Aile, insanoğlunun varoluşu kadar eski bir kavramdır. Bu nedenle yapısı, felsefesi, görevleri ve bunun gibi konularda değişimler göstermiştir. Ancak her ne kadar zaman ve mekana göre değişiklikler gösterse de aile, toplumun her zaman en temel birimi olmuştur. Her ailenin kendine özgü bir anlayışı ve kendi içinde özel bir hayatı olmasına rağmen ailenin temellerinde yatan unsurlar arasında hukuk kuralları da bulunmaktadır. Zira aile hukuku medeni kanunun içerisinde yer almaktadır. Hukuk kurallarının aile kurumunda devreye girmesi genellikle aile düzeninde yaşanan aksama ve bozulmalar sonucunda olmaktadır.

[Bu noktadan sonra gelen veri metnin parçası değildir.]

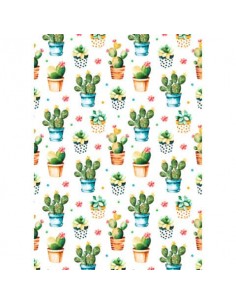 Carta da regalo Kartos Everyday 70x100 cm mod. Vasi di Piante Grasse Conf. 10 fogli - 18866600B10 Lucart - 1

Ülkemizde aileyi ilgilendiren hukuki konular genel anlamda şunlardır:
-
Farklı cinsten iki kişinin birlikteliğinin nikâh yoluyla geçerliği
- Evlat edinme veya doğum yapma durumunda sahip olunan çocukların toplumsal anlamdaki konum ve zorunluluklarının kanuni yollarla tanınması ve güvence altına alınması
- Boşanmanın hukuki olarak tanınması
- Boşanma sonucunda ortaya çıkan velayet, vesayet gibi durumlar
- Aile içi akrabalık ilişkilerinin, miras ve nafakanın belirlenmesi
Toplum hayatını din ve ahlak kuralları, gelenek ve görenekler düzenler fakat bunlar devlet tarafından bir yaptırıma tabi tutulmamıştır. Hukuk kuralları ise sayılan toplumsal kurallar gibi vicdani bir durum değildir. Örneğin hırsızlık yapan birinin hukuk kurallarıyla aldığı ceza ve diğer kurallar sonucu aldığı ceza farklıdır. Ahlak kurallarına göre bir hırsız, evi soyulan kişi ve evin bulunduğu mahalleli tarafından dışlanır, ayıplanır vs. fakat hukuk kurallarına göre bu kişi hapse atılır. Bu durum aile içi yaşananlar için de geçerlidir. Hukuk toplumsal hayatı düzenlediği için sosyolojiden ayrı düşünülemez ve aile de toplumun yapıtaşı olduğuna göre hukuk ve aile arasında da sıkı bir ilişki vardır. Eşler, çocuklar, yaşlılar hukuk kuralları sayesinde güvence altına alınmıştır. Yalnızca aile içinde değil aileler arasında veya aile ile diğer toplumsal kurumlar arasında yaşanan sorunlar da hukuk yoluyla halledilmektedir. Her ne kadar hukuk kuralları, toplumsal hayatı düzenleyen diğer kurallardan farklı yaptırımlara sahip olsa da onlarla ilişki içerisindedir. Çünkü toplumu, dolayısıyla aileyi şekillendiren dini, ahlaki, örf ve adetlerle ilişkili durumlar hukuk kuralları oluşturulurken etkili olmuştur. Hukuk kurallarında cezai yaptırımı olan durumlar toplumu düzenleyen diğer kurallar tarafından da hoşgörüyle karşılanmayan durumlardır.